Сесиль приняла решение измениться. Нам часто хочется перемен в жизни. Мечтаем о чем-нибудь, но ничего не происходит. Даем себе обещания, строим планы, которые никогда не сбываются. Ждем лучшего будущего — так проходят дни, годы, а клятвы и зароки так и остаются пустым звуком. Сесиль перестала строить планы. Я подошел к двери и услышал жуткий грохот. Мне показалось, что в квартире рычит грузовик. Я спрятал ключи в карман, позвонил, потом стал барабанить кулаком. Шум мотора стих. Дверь распахнулась, и на пороге появилась Сесиль — грязная, как трубочист, со всклокоченными волосами. Она была в рубашке Пьера и с тряпкой в руке.
— Что стряслось?
Она смотрела на меня без улыбки, нахмурив брови:
— Я сделала генеральную уборку жизни, теперь навожу порядок в квартире.

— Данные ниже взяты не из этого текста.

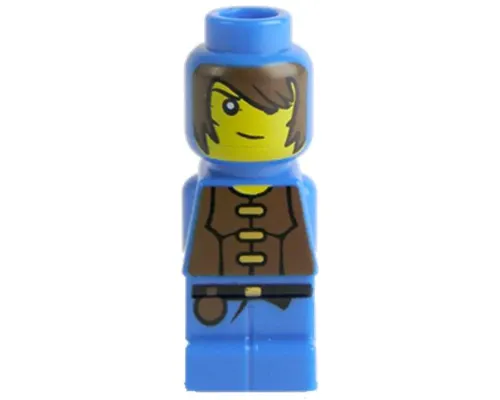 Microfigure Heroica Ranger Image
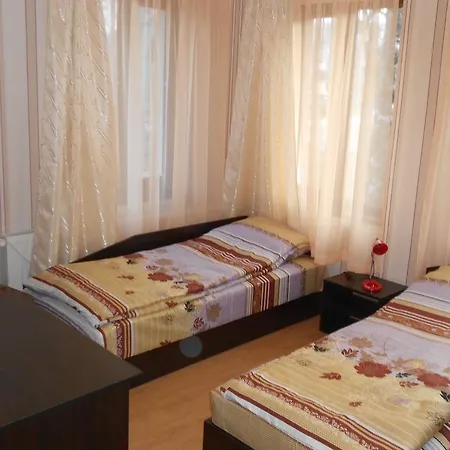 Penzion Tsenovi 4*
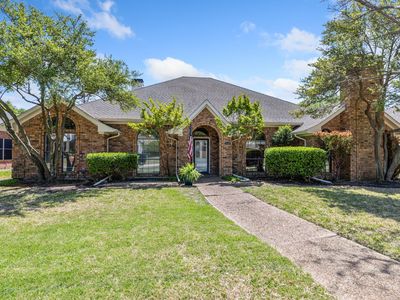 2708 Powderhorn Dr, Plano, TX, 75025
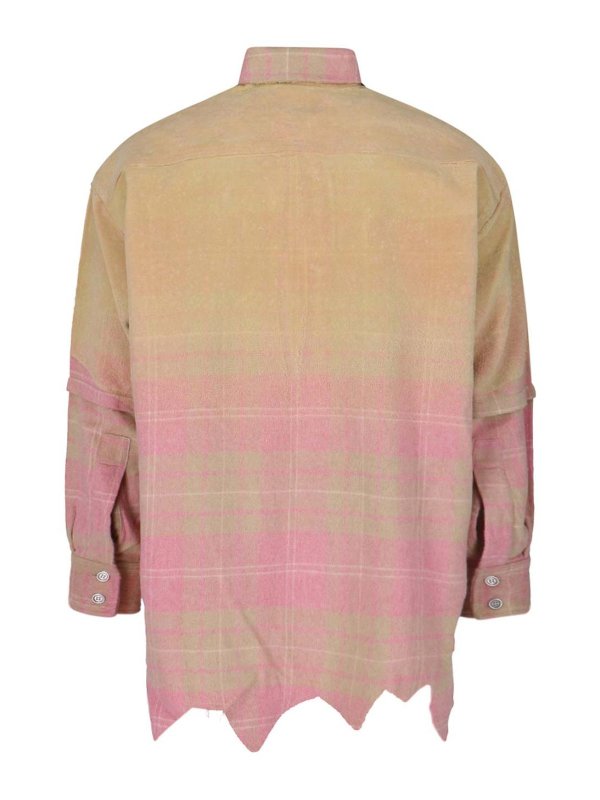 PDF: Camisas online - Camisa - Color Carne Y Neutral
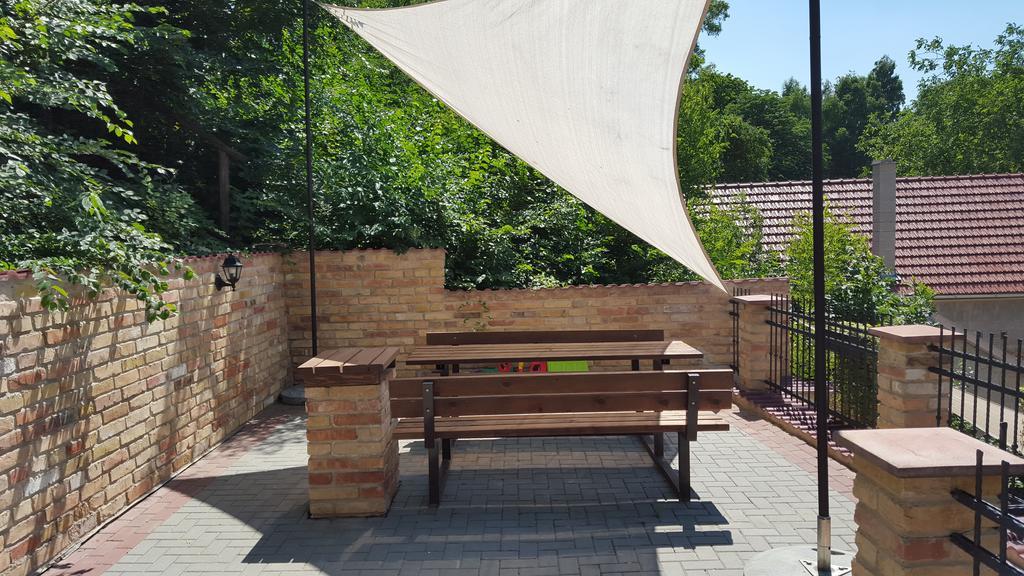 Penzion Starovice Zewnętrze zdjęcie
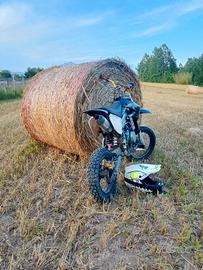 pit bike 125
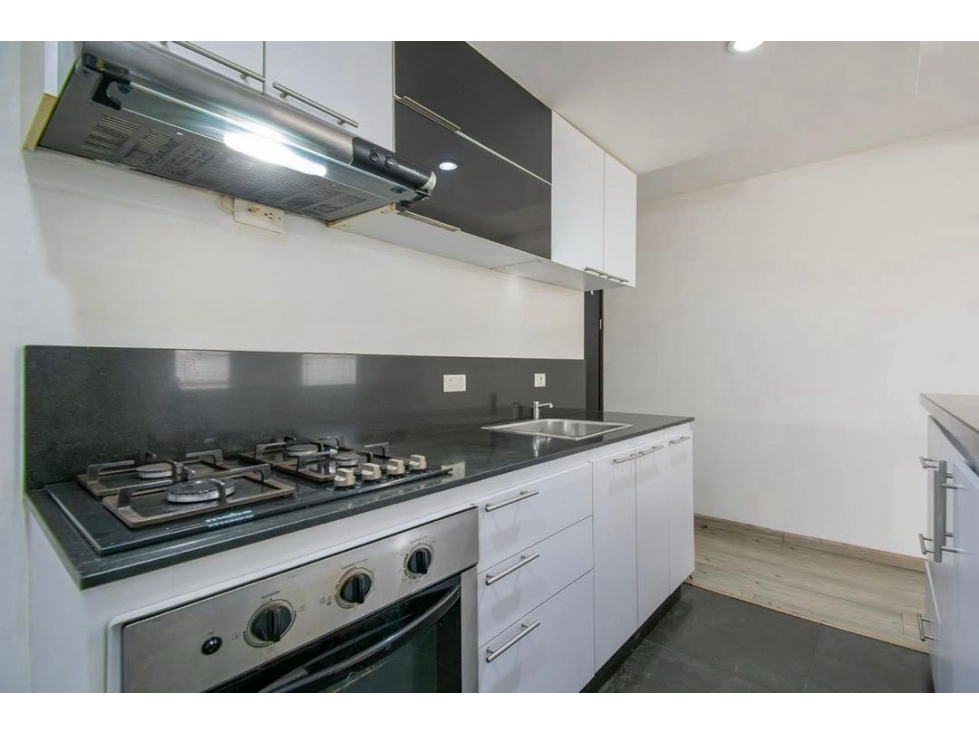 Cajicá Venta Apto 3 hab con terraza, balcón y zonas premium — foto 5
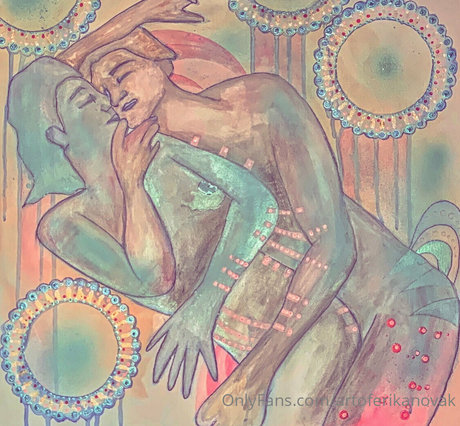 BadEry estrella porno hermosa galerías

Сесиль отодвинулась в сторону, и я остолбенел. Гостиная совершенно преобразилась, как будто добрый джинн из лампы одним щелчком превратил комнату, где царил вековой беспорядок, где никогда не стирали пыль с мебели, где горы грязных тарелок громоздилась среди пепельниц с окурками и пустых бутылок, а на полу валялись газеты вперемешку с конспектами, коробками, мятыми брошюрами, рваными конвертами и пластинками без конвертов (они лежали в другой куче), где повсюду стояли вазы с увядшими цветами, — в образцово-показательное жилище. Диван напоминал ободранную заживо медвежью тушу. Грязные, прожженные чехлы от подушек валялись на паркете. В комнате вкусно пахло воском, все блестело и сверкало, как на рекламе выставки электробытовой техники, обещавшей женщинам легкую жизнь.
— Ну как тебе?
— Невероятно.
— Хочешь сказать — классно. Я сутки корячилась. Вынесла из гостиной десять мешков мусора. Мы задыхаемся от ненужных вещей. Мне стало легче дышать. А тебе? Устала, правда, как собака.

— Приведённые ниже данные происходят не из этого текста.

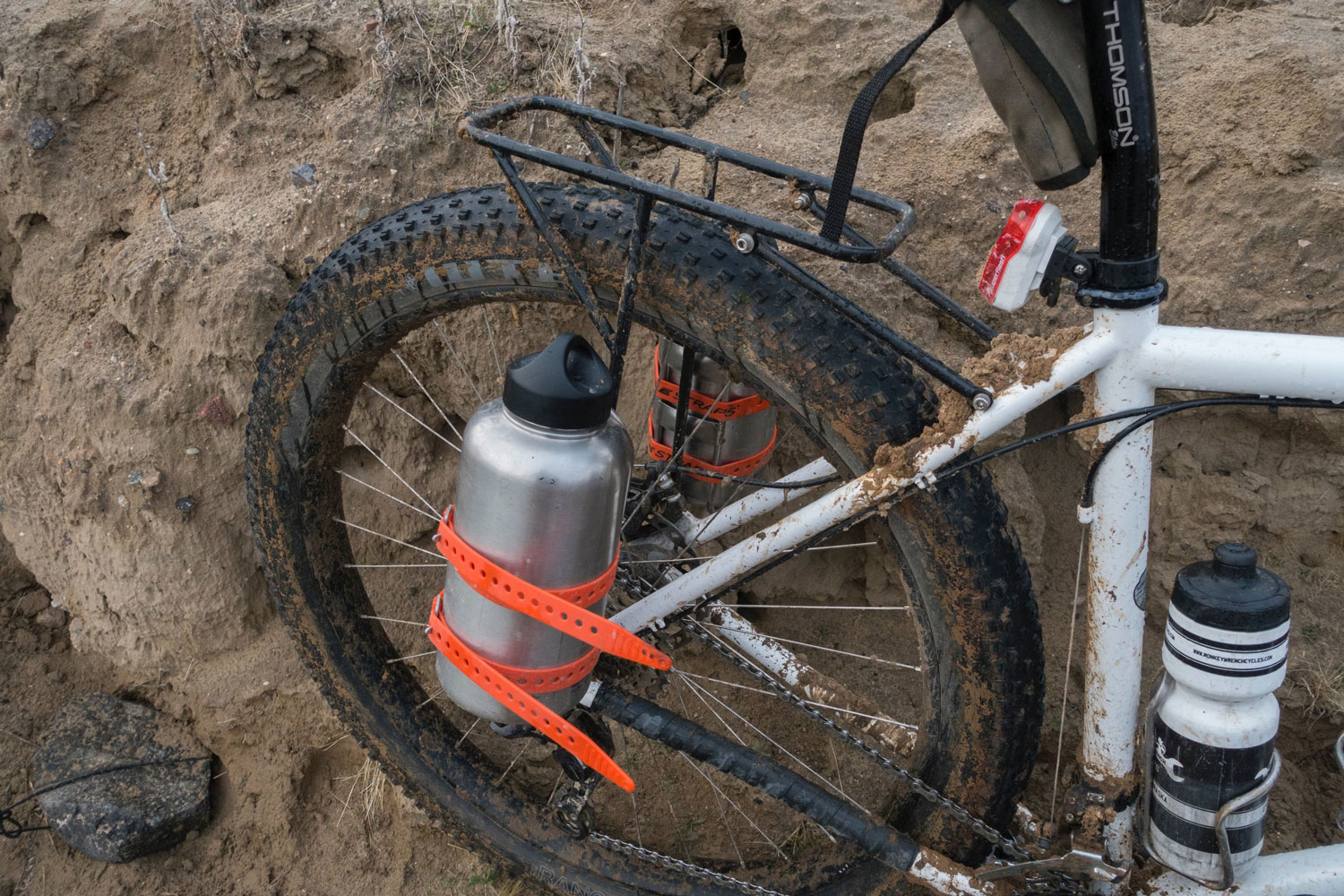 RatKing T Rack Update: Production Moves to Tumbleweed - BIKEPACKING.com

Я обошел гостиную, где каждый предмет обрел свое прежнее место. В книжных шкафах, занимавших две стены от пола до потолка, разместились книги, журналы и бумаги, дюжина стопок в метр высотой ждала выброса на помойку.
— Ты же не думаешь избавиться от книг?
— Я оставлю наши с Пьером любимые, остальные некуда девать. Пластинки я не трогаю, это святое. Пьер согласен без жалости истребить ненужное.

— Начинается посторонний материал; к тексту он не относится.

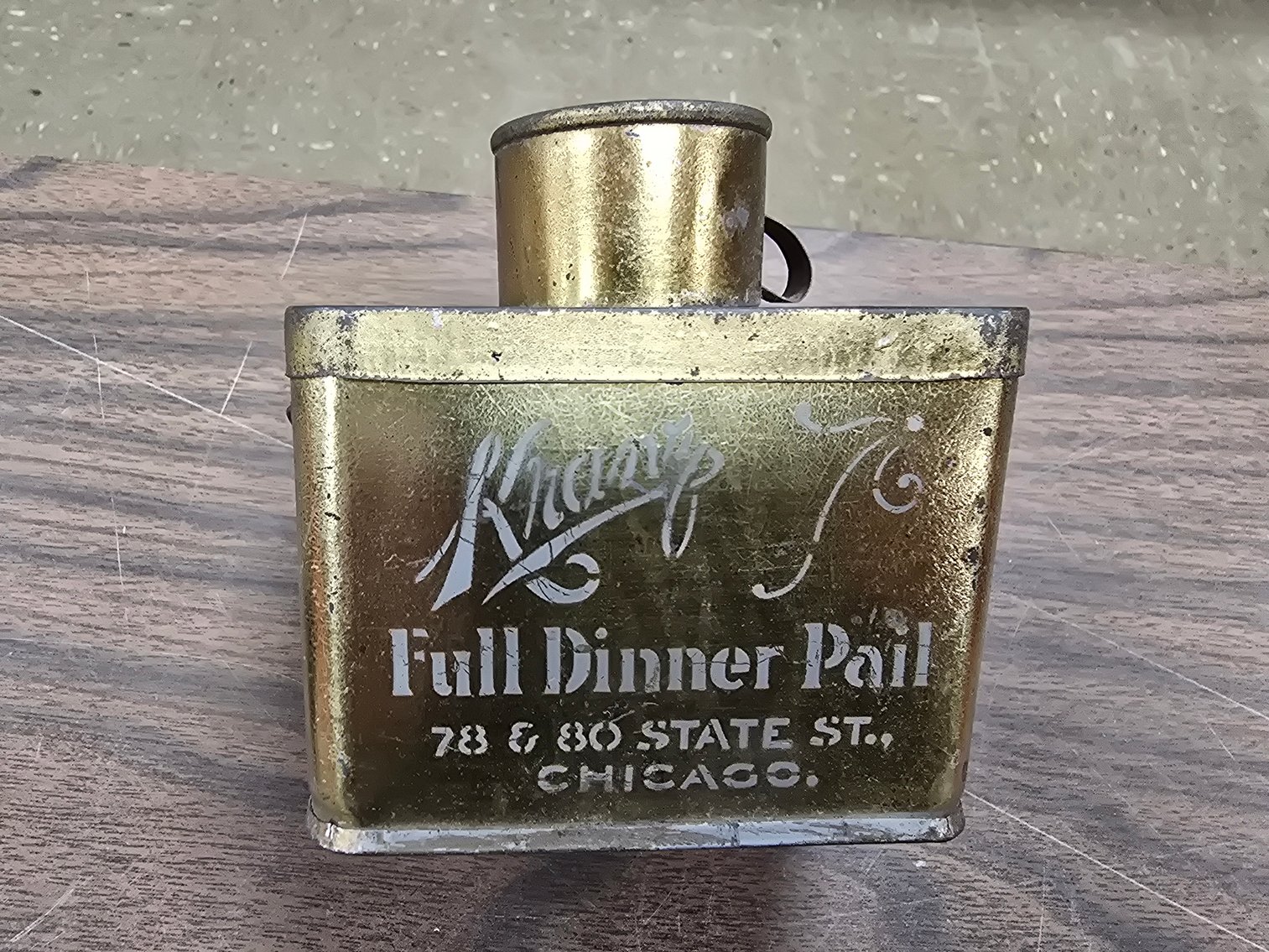 Image for March Online Antique  Auction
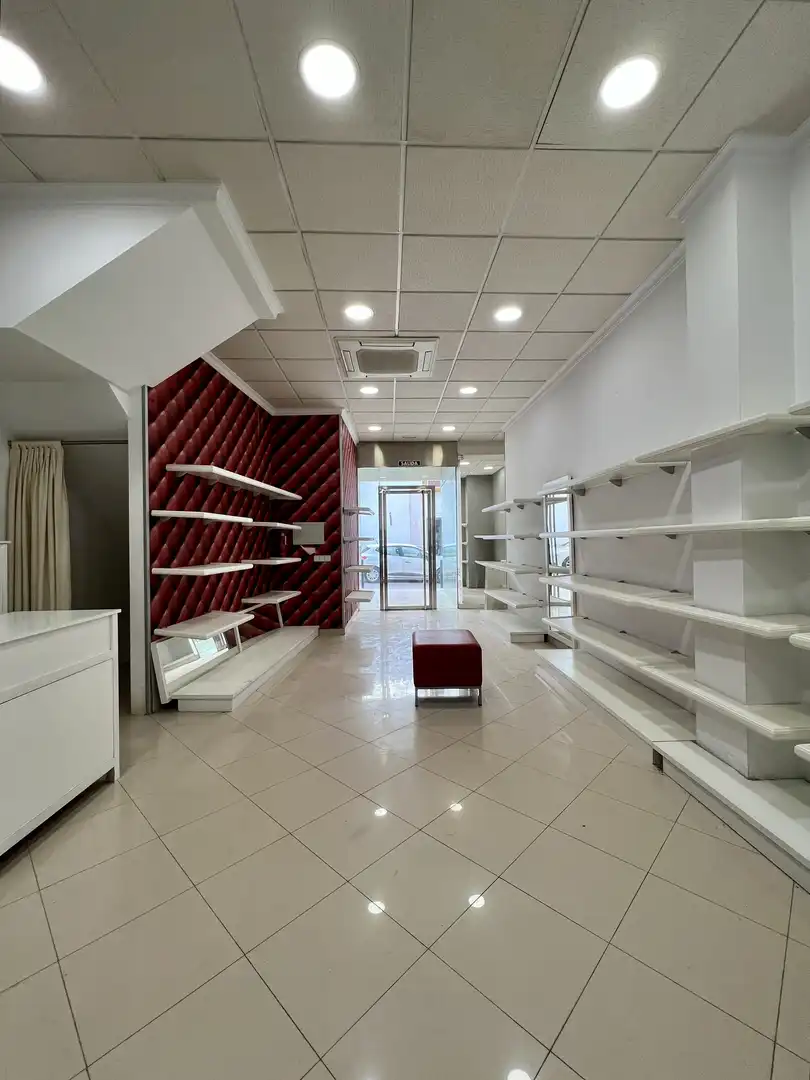 Local commercial à vendre à Estepa, imagen 2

— Ты получила письмо? Как у него дела?
— Он интересуется успехами маленького братца в математике.
— Ты… рассказала ему о Франке?
— Я все ему рассказываю.
— Что он ответил?
Она развернула письмо, нашла нужное место в тексте:
— «…нужно избавиться от всего лишнего. Сделай уборку. Выброси бесполезные вещи…»
Она скомкала листки и бросила их в мусорное ведро.
— Если хочешь, возьми книги себе, я все равно их выкину.
— Это идиотизм. Можно отнести книги к Жиберу.[93] У них есть букинистический отдел.
— Я же сказала — бери. Захочешь — продашь. И больше ни слова о Франке! Ясно?
Я замер в изумлении перед агрегатом метровой высоты с фарой и объемистым красным мешком, подвешенным к огромному хромированному обтекателю.
— Что это за зверь?
— Пылесос. Фирмы «Гувер». Папа купил его в Штатах перед войной. Я случайно наткнулась на него в шкафу, включила, и он сразу завелся, хотя им десять лет не пользовались. Машина шумная, но эффективная.
— Напоминает отбойный молоток.
— Это был подарок маме.
Я наклонился, чтобы получше разглядеть пылесос. Вещь была коллекционная, чистой воды музейный экспонат.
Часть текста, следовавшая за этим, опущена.